Based on the results of the analysis, there appears to be a relationship between temperature and gun violence. Both scatter plots indicate a positive correlation between temperature and total shootings, and both models account for a large amount of the variance in the data.
The information from the analysis might be useful to law enforcement agencies and other stakeholder groups in New York City. For instance, it can inform when to allocate limited resources (e.g., utilizing additional resources during months with higher average temperatures).
Although the data from this analysis could be used to address gun violence, there are at least two limitations that affect its utility.

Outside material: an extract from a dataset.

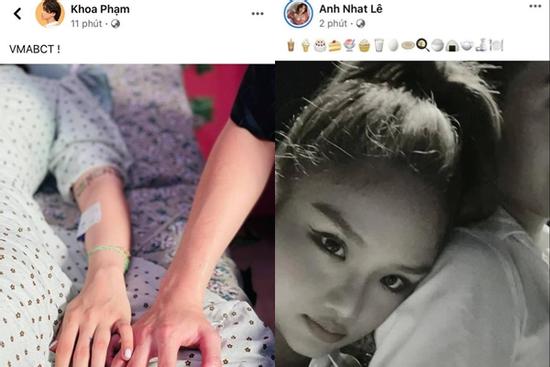 Miu Lê 'tình bể tình' bên trai lạ, nhìn phát biết luôn người ấy là ai!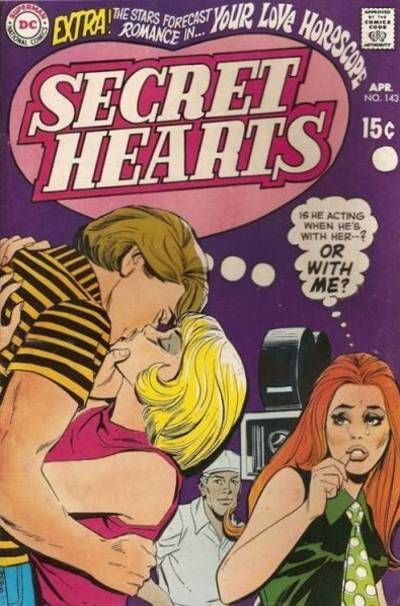 Secret Hearts #143 Comic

First, the analysis used monthly averages that were aggregated across several years, some of which were before 2006. Second, the analysis did not identify areas (e.g., public housing) associated with gun violence. Third, the data collection system may have introduced some bias since some shootings go unreported (e.g., shootings in some areas may be under-reported).Ideally, future iterations of this project will address the limitations of the analysis.